5. **F1 Score**: The harmonic mean of precision and recall, providing a single metric to balance them.
    - $F1 Score = 2 x \frac{Precision x Recall}{Precision + Recall}$


​6. **ROC AUC**: The area under the ROC curve, which plots sensitivity against 1-specificity. Higher AUC values indicate better model performance.

In [None]:
def evaluate_model_performance(y_true, y_pred, y_probs):
    # Confusion matrix
    tn, fp, fn, tp = confusion_matrix(y_true, y_pred).ravel()
    
    # Calculate metrics
    sensitivity = recall_score(y_true, y_pred)
    specificity = tn / (tn + fp)
    precision = precision_score(y_true, y_pred)
    npv = tn / (tn + fn)
    f1 = f1_score(y_true, y_pred)
    roc_auc = roc_auc_score(y_true, y_probs)
    
    # Print metrics
    print(f"True Positives: {tp}, False Positives: {fp}, False Negatives: {fn}, True Negatives: {tn}")
    print(f"Sensitivity (Recall): {sensitivity:.4f}")
    print(f"Specificity: {specificity:.4f}")
    print(f"Precision: {precision:.4f}")
    print(f"Negative Predictive Value: {npv:.4f}")
    print(f"F1 Score: {f1:.4f}")
    print(f"ROC AUC: {roc_auc:.4f}")
    
    # Plot ROC curve
    fpr, tpr, _ = roc_curve(y_true, y_probs)
    plt.figure()
    plt.plot(fpr, tpr, color='blue', lw=2, label=f'ROC curve (area = {roc_auc:.2f})')
    plt.plot([0, 1], [0, 1], color='red', lw=2, linestyle='--')
    plt.xlim([0.0, 1.0])
    plt.ylim([0.0, 1.05])
    plt.xlabel('False Positive Rate')
    plt.ylabel('True Positive Rate')
    plt.title('Receiver Operating Characteristic (ROC) Curve')
    plt.legend(loc="lower right")
    plt.show()

In [None]:
best_params_gbm = {
    'learning_rate': 0.01,
    'max_depth': 3,
    'min_samples_leaf': 1,
    'min_samples_split': 2,
    'n_estimators': 300,
    'subsample': 0.8
}

best_model = GradientBoostingClassifier(**best_params_gbm)
best_model.fit(X_train, y_train)
y_probs = best_model.predict_proba(X_test)[:, 1]

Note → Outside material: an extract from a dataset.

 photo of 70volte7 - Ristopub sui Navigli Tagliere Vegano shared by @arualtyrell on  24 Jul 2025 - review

threshold = 0.2  # Adjust as needed based on your earlier findings
y_pred = (y_probs >= threshold).astype(int)

In [None]:
# Evaluate the model
evaluate_model_performance(y_test, y_pred, y_probs)

### 8.5. Conclusion
**1. High Sensitivity**: The model has a high sensitivity, which is good for identifying as many diabetic patients as possible. This is crucial in medical settings to ensure that most cases are caught early.

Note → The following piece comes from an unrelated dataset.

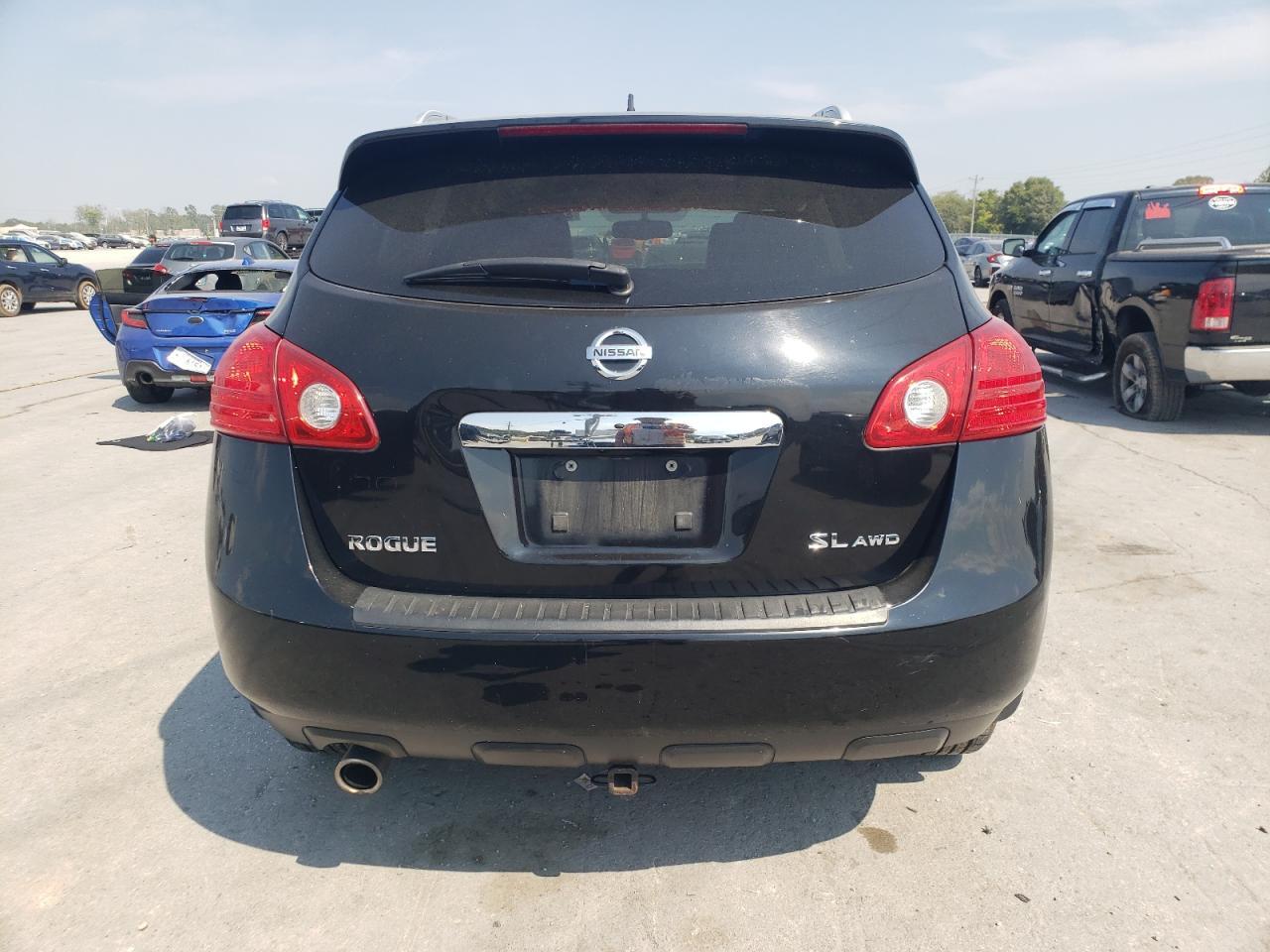 2013 NISSAN ROGUE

**2. Moderate Specificity**: The specificity is moderate, meaning there are a **significant number of false positives**. While this can lead to unnecessary follow-up tests, it is often a trade-off to ensure high sensitivity. This has the **disadvantage** of **increasing** testing **costs**, but let's not forget that this is a study project where the main objective is to demonstrate my knowledge and skills as a data scientist and we can learn more from each other.

**3. Balancing Act**: The goal in medical diagnostics is often to balance sensitivity and specificity based on the context and consequences of errors. In this case, the higher sensitivity (at the cost of specificity) might be acceptable to ensure fewer diabetic cases are missed.

My current model with a threshold of 0.2 might be acceptable depending on the context and acceptable trade-offs for false negatives and false positives.
However, let's not forget that they would have to be adjusted if necessary to adopt it to medical standards and requirements.